§ **Supplied data**:
───
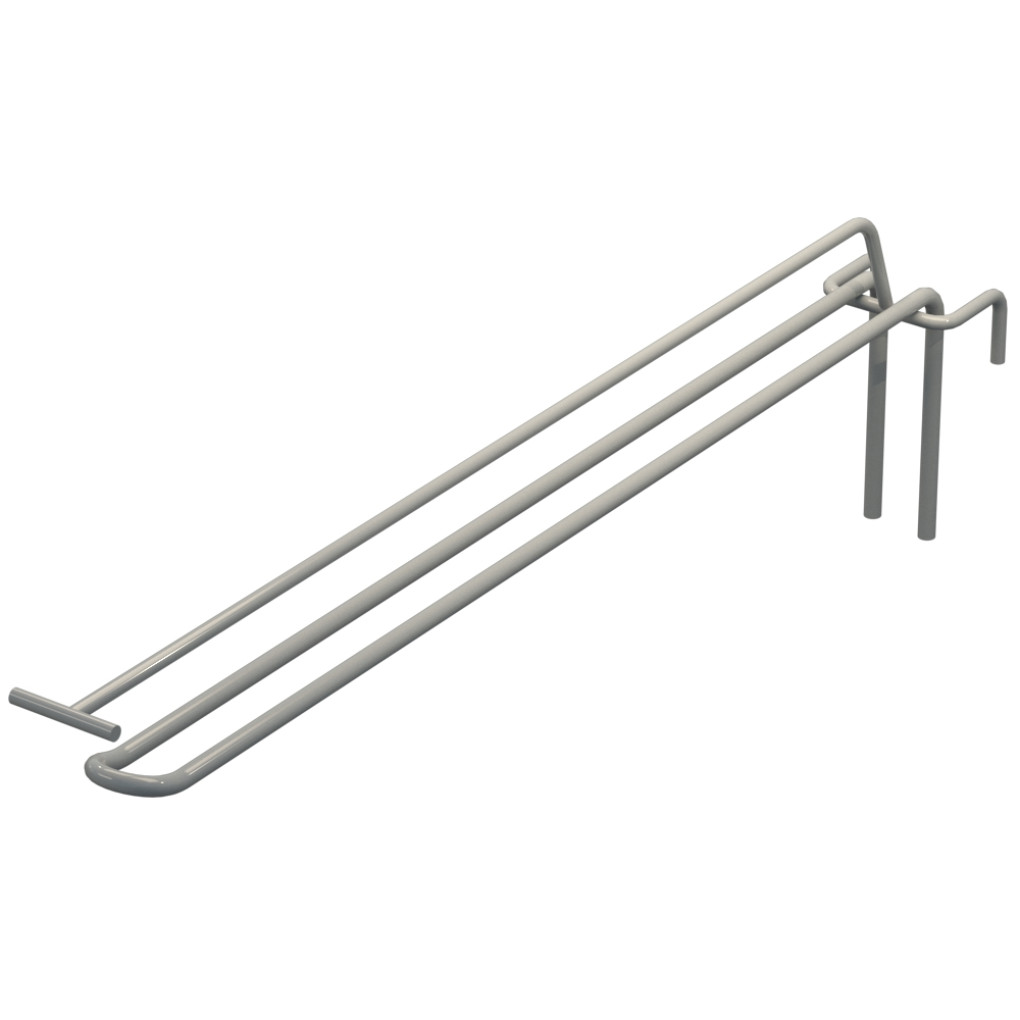 Гачок подвійний з цінникоутримувачем L-350 мм для сітки Світло-сірий d-5мм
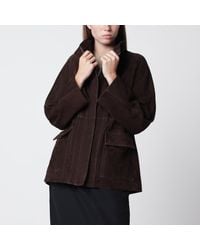 Nour Hammour - Mocha Quai Fluid Suede Jacket - Lyst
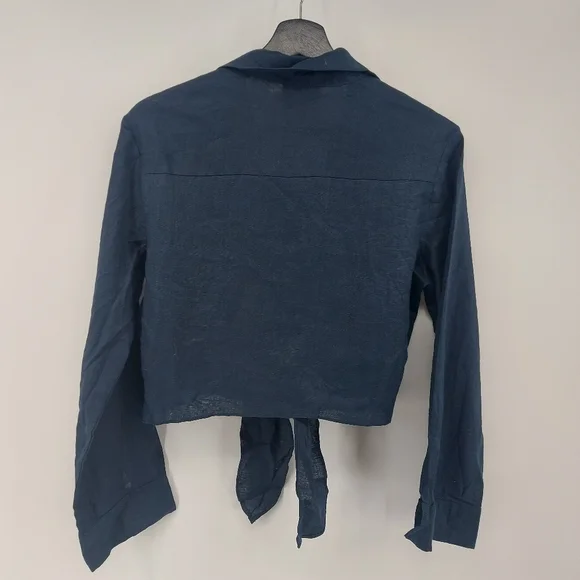 Tuckernuck Navy Linen Tie-Front Rebecca Shirt Size XS - Picture 5 of 5
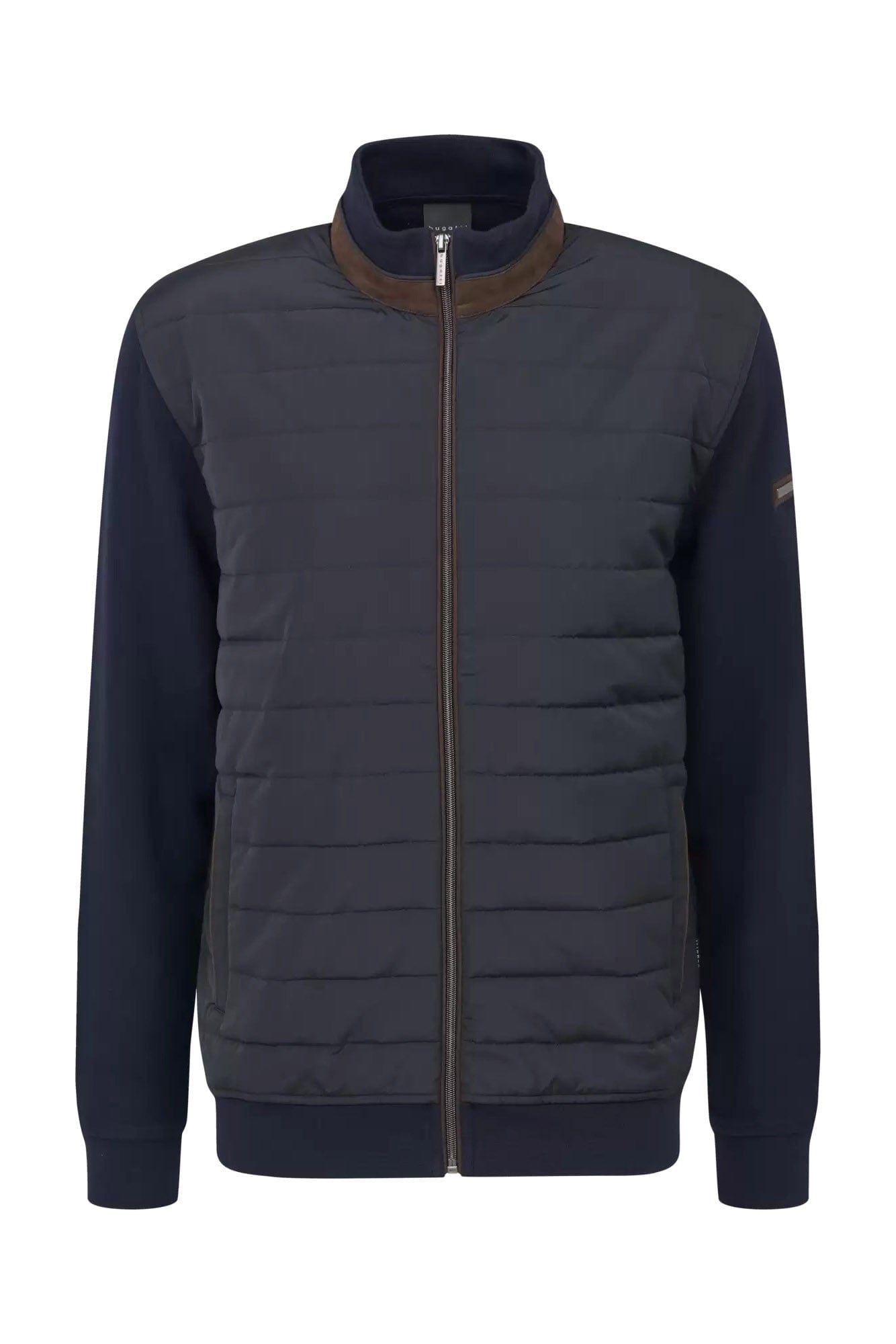 Bugatti Quilted Front Knitted Back Jacket - Navy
───
§ **Activity**:
Keeping every word as it is, write out all the data and omit the pictures.

§ **Task result**:
 Гачок подвійний з цінникоутримувачем L-350 мм для сітки Світло-сірий d-5мм
 Nour Hammour - Mocha Quai Fluid Suede Jacket - Lyst
 Tuckernuck Navy Linen Tie-Front Rebecca Shirt Size XS - Picture 5 of 5
 Bugatti Quilted Front Knitted Back Jacket - Navy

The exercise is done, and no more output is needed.